» Extracted information
━━━━━━

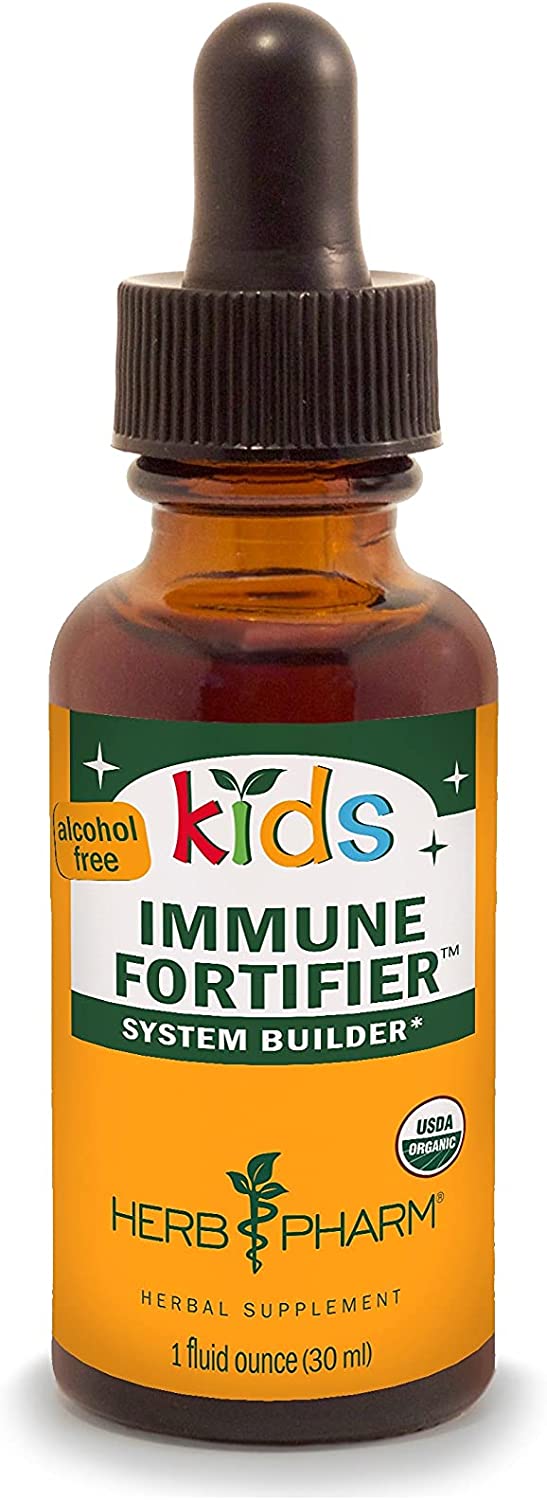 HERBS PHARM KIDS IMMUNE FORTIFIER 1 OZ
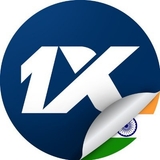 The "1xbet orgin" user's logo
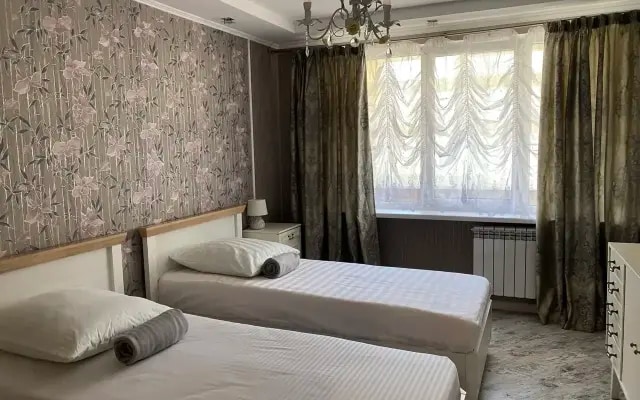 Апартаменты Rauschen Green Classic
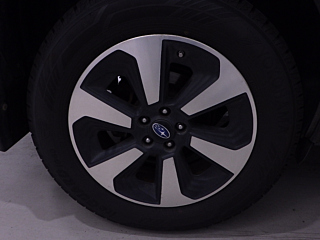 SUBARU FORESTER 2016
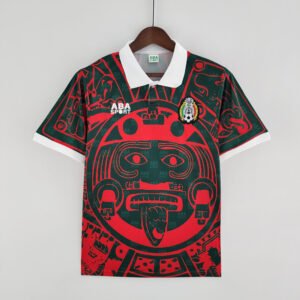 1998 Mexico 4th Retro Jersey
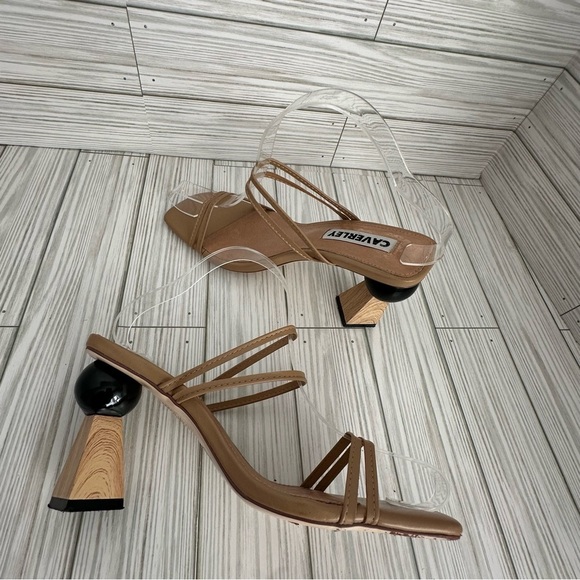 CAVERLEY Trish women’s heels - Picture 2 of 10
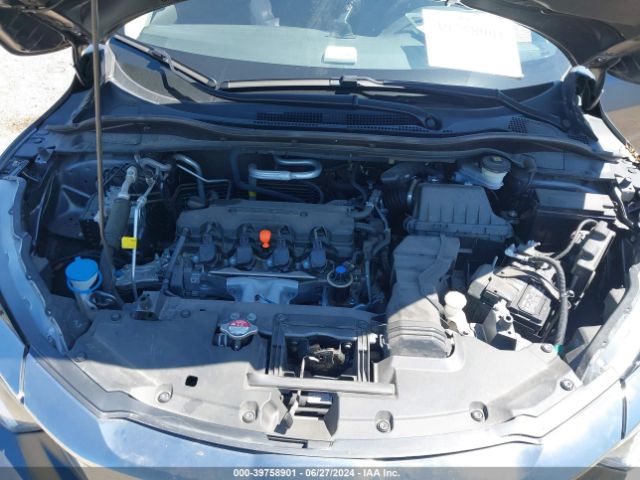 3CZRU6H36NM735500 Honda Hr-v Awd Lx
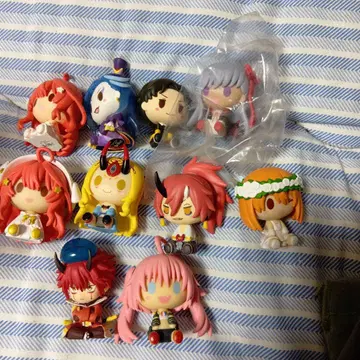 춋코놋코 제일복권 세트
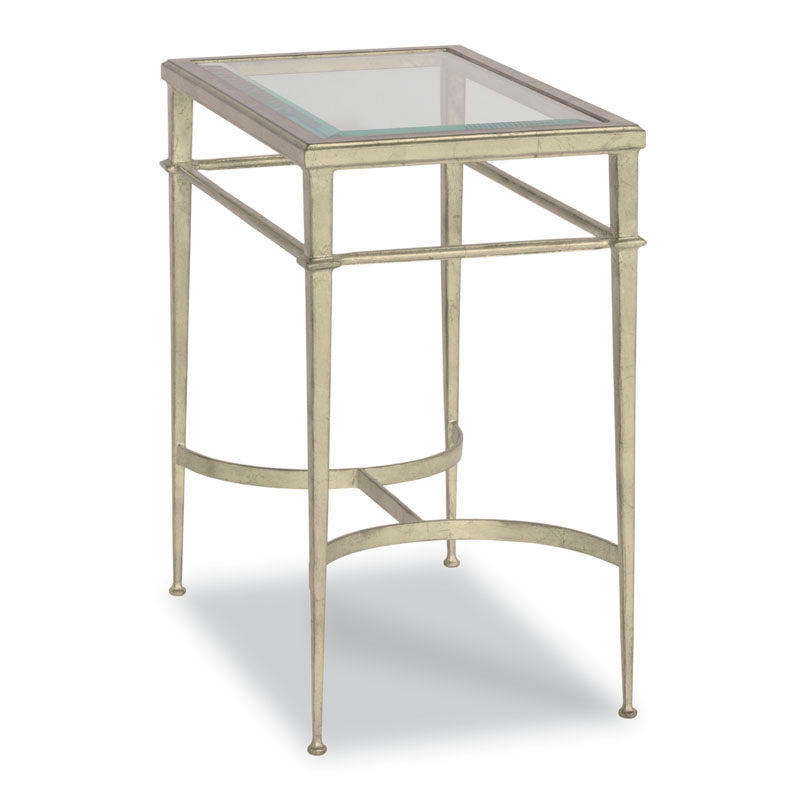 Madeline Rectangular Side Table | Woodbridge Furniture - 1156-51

━━━━━━

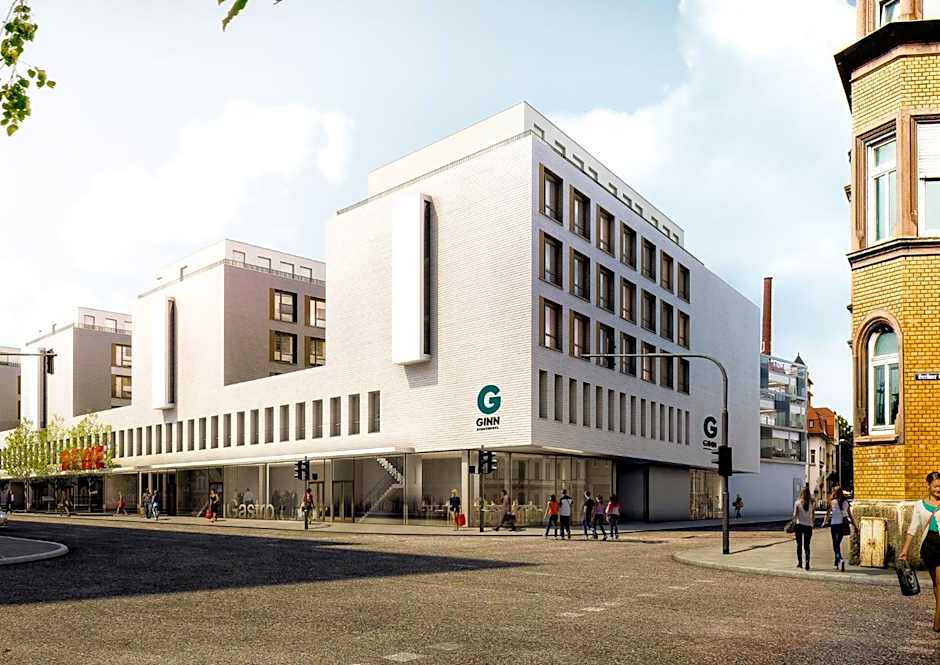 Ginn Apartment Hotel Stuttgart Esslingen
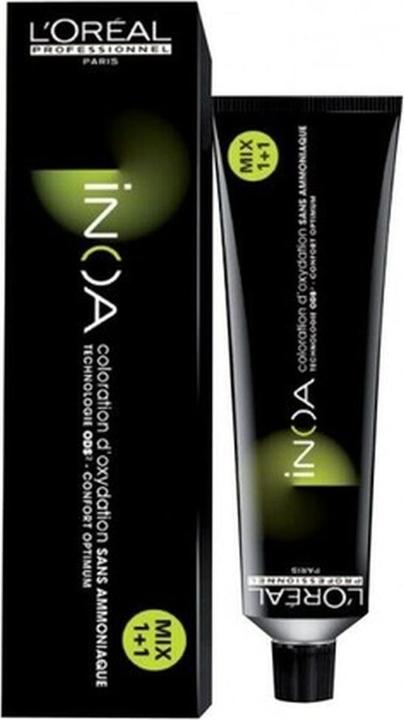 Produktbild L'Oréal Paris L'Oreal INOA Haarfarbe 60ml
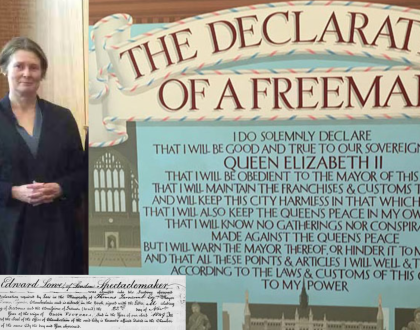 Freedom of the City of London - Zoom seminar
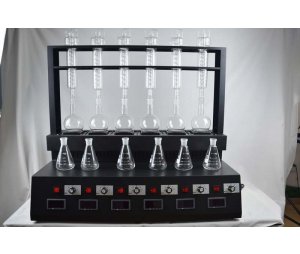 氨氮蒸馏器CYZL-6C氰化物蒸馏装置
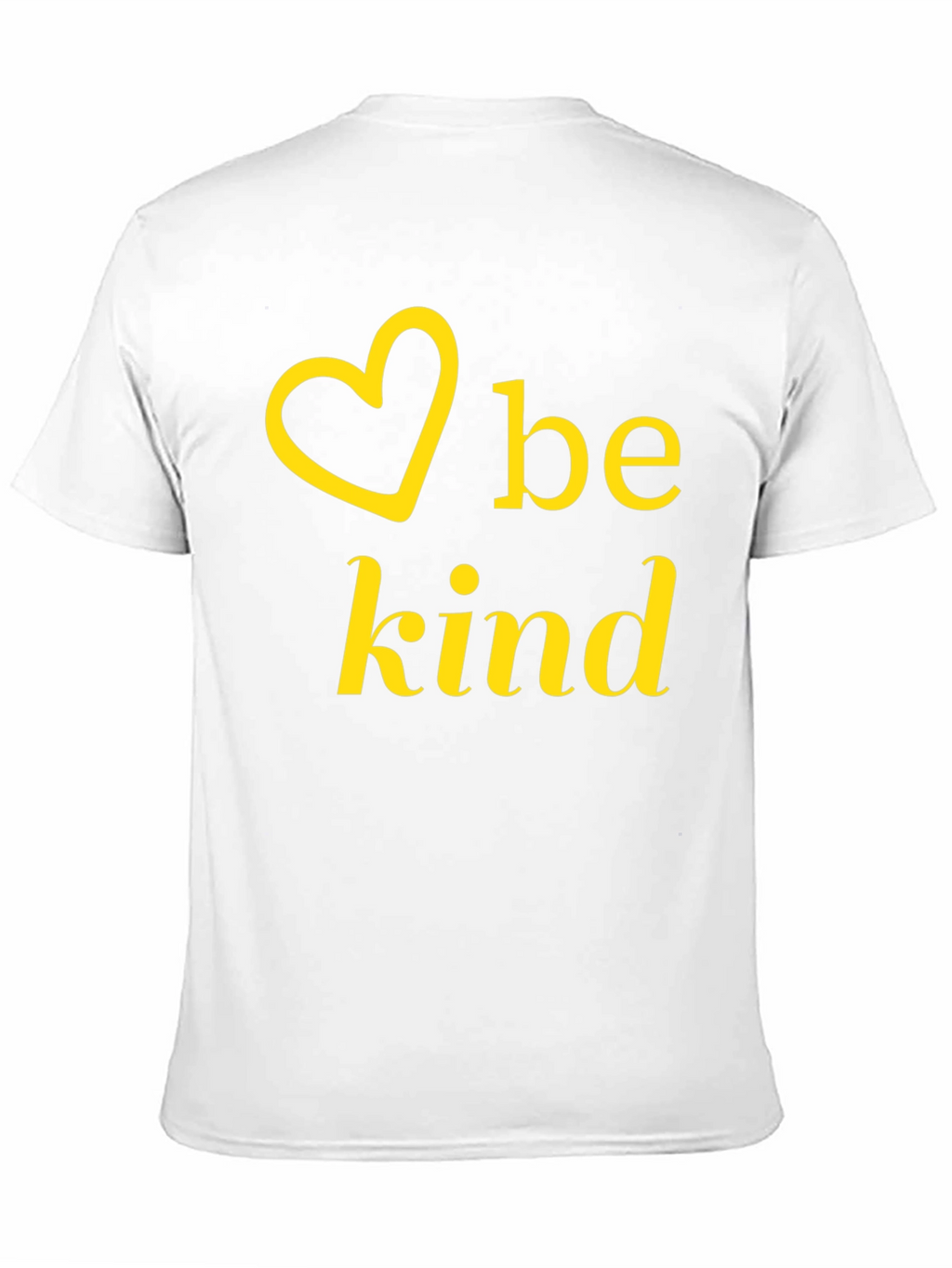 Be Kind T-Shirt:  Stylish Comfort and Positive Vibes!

━━━━━━

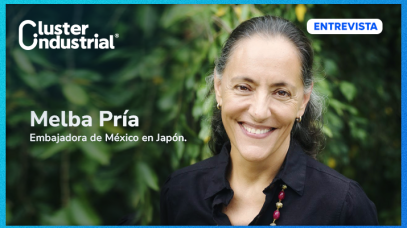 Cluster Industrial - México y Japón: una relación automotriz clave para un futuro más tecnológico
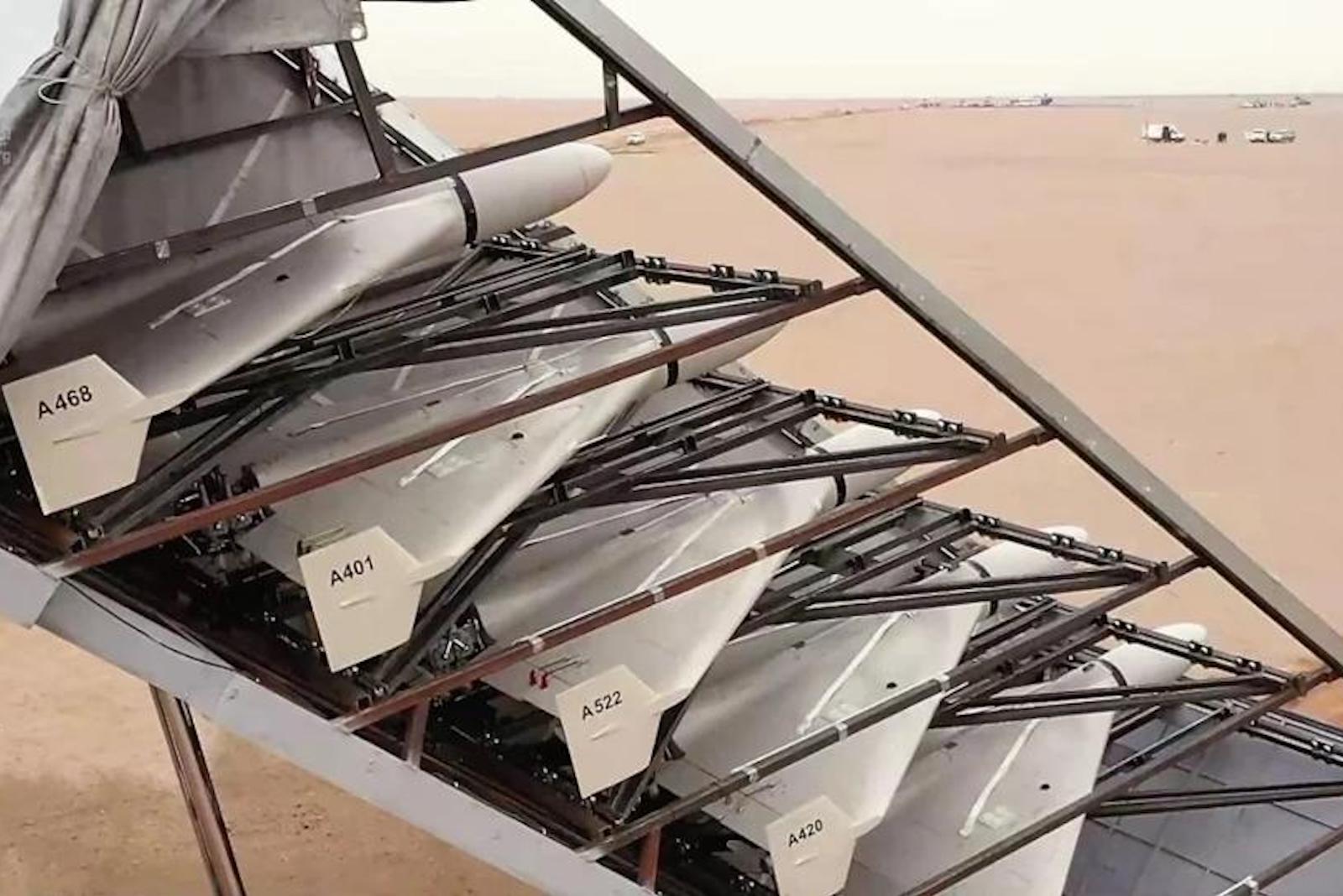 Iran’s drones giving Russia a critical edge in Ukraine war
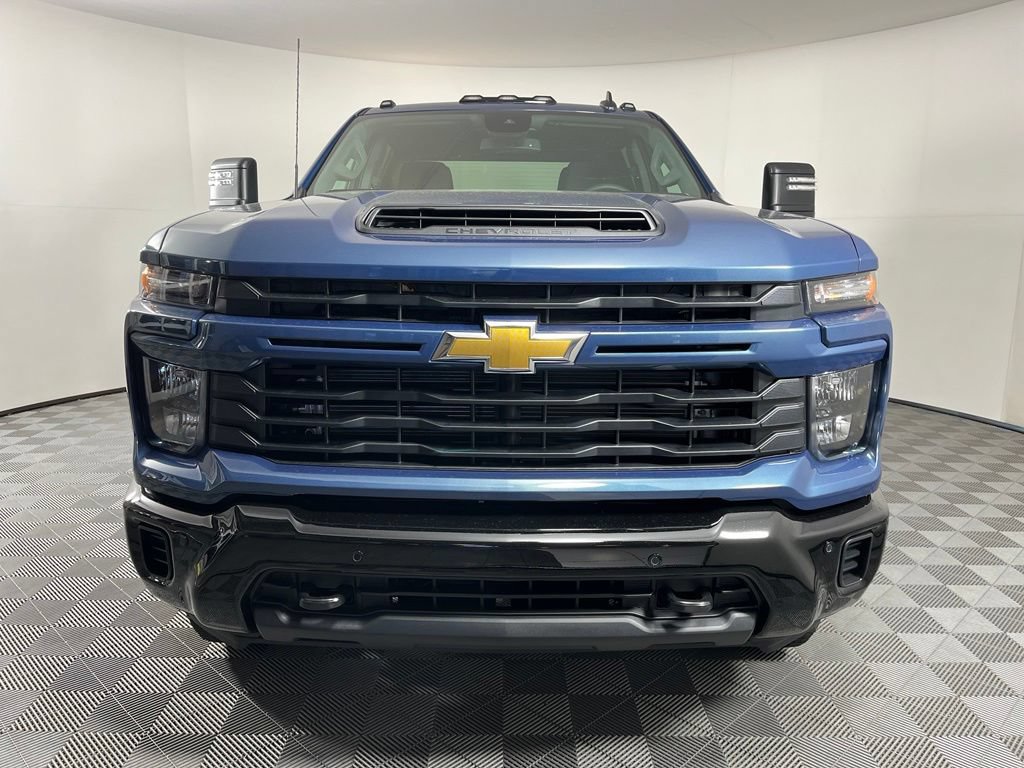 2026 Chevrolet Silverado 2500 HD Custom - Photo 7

━━━━━━

» What is needed
Leaving out the pictures, please output the lines in the entries above from the one with "HERBS PHARM KIDS IMMUNE FORTIFIER 1 OZ" through the one with "Madeline Rectangular Side", exactly as they are.

» Solution below
 HERBS PHARM KIDS IMMUNE FORTIFIER 1 OZ
 The "1xbet orgin" user's logo
 Апартаменты Rauschen Green Classic
 SUBARU FORESTER 2016
 1998 Mexico 4th Retro Jersey
 CAVERLEY Trish women’s heels - Picture 2 of 10
 3CZRU6H36NM735500 Honda Hr-v Awd Lx
 춋코놋코 제일복권 세트
 Madeline Rectangular Side Table | Woodbridge Furniture - 1156-51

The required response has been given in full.